Decorations and artistic inventiveness of all sorts, are an intrinsic part of worshipping Shrinathji. This practice has its philosophical moorings in the Pushtimarg tradition that drew on the teachings of the 16th century saint Vallabhacharya who popularised the worship of Krishna as Shrinathji.
Vallabhacharya’s philosophy interpreted the raas lila between Krishna and the gopis as a metaphor of the quest for the divine. He idealised the romantic longings of the village women of Vrindavan as central to an understanding of Pushtimarg, and as a way of showing one’s devotion to Krishna. According to the tradition, one can attain salvation through participation in the life of Krishna by pretending to be a personage from his childhood years, including experiencing the longing that the village women felt for him, after he left his childhood home to become the ruler of Dwarka. It isn’t uncommon, therefore, to find people cooling the walls of Krishna’s abode in Nathdwara, during the summer months, by dousing these with buckets of water.
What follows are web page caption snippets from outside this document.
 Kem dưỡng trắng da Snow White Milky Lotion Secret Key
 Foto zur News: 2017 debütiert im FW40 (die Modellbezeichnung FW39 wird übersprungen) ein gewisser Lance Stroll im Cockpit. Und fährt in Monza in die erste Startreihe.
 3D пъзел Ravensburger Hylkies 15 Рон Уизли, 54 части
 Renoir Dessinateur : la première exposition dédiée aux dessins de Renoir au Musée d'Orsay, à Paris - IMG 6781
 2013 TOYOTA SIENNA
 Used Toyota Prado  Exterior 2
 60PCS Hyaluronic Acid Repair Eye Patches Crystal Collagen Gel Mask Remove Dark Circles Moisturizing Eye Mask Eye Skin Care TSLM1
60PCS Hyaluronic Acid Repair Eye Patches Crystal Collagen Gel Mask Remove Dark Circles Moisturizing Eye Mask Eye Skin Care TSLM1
The reasoning is simple: the deity must be feeling warm and the devotees are serving him by making his surroundings more habitable. Similarly, devotees dress up as village folk from Krishna’s mythical childhood community and celebrate various festivals linked to his life, thus participating in his earthly existence beyond the constraints of space and time. Such demonstrations of love and play-acting are central to the concept of lila, which is often defined as divine play, and both are linked to the act of creation.
It is through love, which is ontologically akin to a creative force, that the cosmos came into being, and it is through this joyful love that one can attain liberation from the cycle of birth and rebirth. The term ‘lila’ encompasses all creative activity including the play-acting by individuals in an attempt to participate in god’s life. There is, therefore, particular emphasis in the Pushtimarg tradition on aesthetic inventiveness as a way of pleasing the deity. It is this stress on creative agency, both human and divine, which is one of the reasons why Nathdwara, till today, is a significant centre for artistic endeavours, with a particular accent on painting.
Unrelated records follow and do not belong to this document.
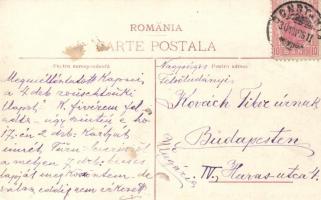 Cuirasatul rus. 'Kneaz Potemkin Tavriceski' inainte de a se preda Autoritatilori Romane / ...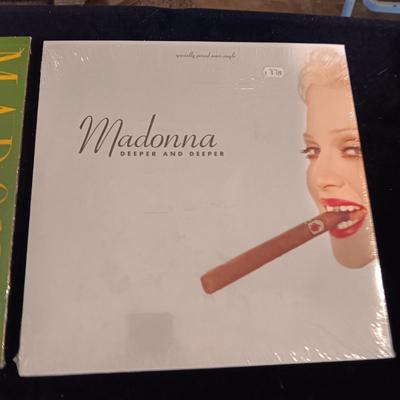 2 MADONNA VINYL RECORDS IN GREAT SHAPE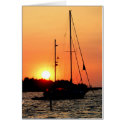Ocracoke Harbor Sunset cards by Photoguy Ocracoke Harbor Sunset cards
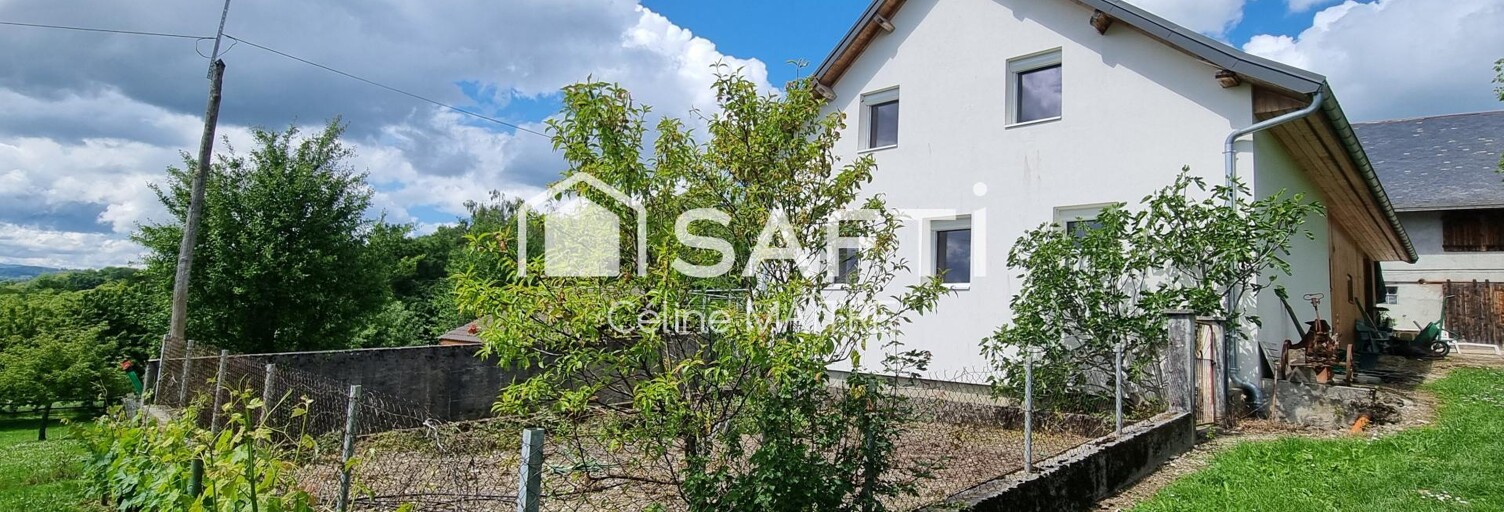 Maison 3 Pièces 86 m² à vendre à Vallières-sur-Fier (74150)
The painters create pichwais not just for decorative purposes in the temple, but also for pilgrims who would want to carry the image of their beloved god back with them. As photography is not allowed inside the shrine, the souvenir-like paintings of the stone idol still have a vibrant and thriving market that caters to the wide-ranging tastes of the many devotees, and support the long tradition of painting in Nathdwara.
(Saumya Agarwal is a PhD candidate at the University of Heidelberg; references: Lyons, Tryna (2004): The Artists of Nathadwara. The Practice of Painting in Rajasthan. Bloomington; medabad: Indiana University Press; Mapin Pub. Maduro, Renaldo (1976): Artistic Creativity in a Brahmin Painter Community. Berkeley: University of California — Research Monograph Series, No. 14)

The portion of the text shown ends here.